Our government is committed to making our streets and communities safe by cracking down on predators that abuse and exploit children

Our government is committed to making our streets and communities safe by cracking down on predators that abuse and exploit children. With the recent introduction of Bill C-26, our government is proposing nine new key measures to better protect our children from a range of sexual offences, including child pornography, while ensuring that offenders receive prison sentences that better reflect the serious nature of these offences.

Every day in Canada, children are the victims of sexual abuse. Child sexual abuse causes unimaginable trauma to the lives of children, and often carries profound effects into adulthood and throughout an individual’s life.

In Canada, more than 3,900 sexual violations against children were reported to police in 2012 – an increase of six per cent from 2010. Child sexual exploitation is unacceptable and your government is doing more to deter and punish offenders who exploit and harm children.

This bill will require those convicted of contact child sexual offences against multiple children to serve their sentences consecutively (one after another) and this would also apply to those convicted of child pornography offences.

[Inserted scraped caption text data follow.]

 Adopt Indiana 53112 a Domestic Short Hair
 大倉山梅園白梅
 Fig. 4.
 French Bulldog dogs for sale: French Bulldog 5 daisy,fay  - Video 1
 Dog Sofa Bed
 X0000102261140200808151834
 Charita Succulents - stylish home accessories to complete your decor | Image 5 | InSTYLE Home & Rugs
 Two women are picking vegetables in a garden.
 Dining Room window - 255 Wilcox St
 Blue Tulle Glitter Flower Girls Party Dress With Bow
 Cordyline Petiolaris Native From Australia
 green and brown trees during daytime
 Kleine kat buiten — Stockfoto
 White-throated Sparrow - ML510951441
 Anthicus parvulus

The bill will increase maximum and minimum prison sentences for certain child sexual offences and increase penalties for those who violate conditions of supervision orders. The bill will also ensure that a crime committed while on house arrest, parole, statutory release or unescorted temporary absence, is an aggravating factor at sentencing of the offender.

The Bill will ensure spousal testimony is available in child pornography cases and require registered sex offenders to report details regarding travel abroad. This reform would also allow officials responsible for the National Sex Offender Registry and the Canada Border Services Agency to share information regarding certain registered sex offenders. This bill would also establish a publicly accessible database of high-risk child sex offenders who have been subject of public notification in other jurisdictions to increase the safety of our communities.

In previous reforms, our government has increased the age of sexual consent from 14 to 16, established mandatory reporting of child pornography by Internet service providers, strengthened the sex offender registry and strengthened the sentencing and monitoring of dangerous offenders with mandatory sentences for seven existing offences of a sexual nature.

It makes me sad that this type of abuse even exists in Canadian society, but you can be comforted to know that your government is committed to the protection of the most vulnerable and precious members of our society – our children.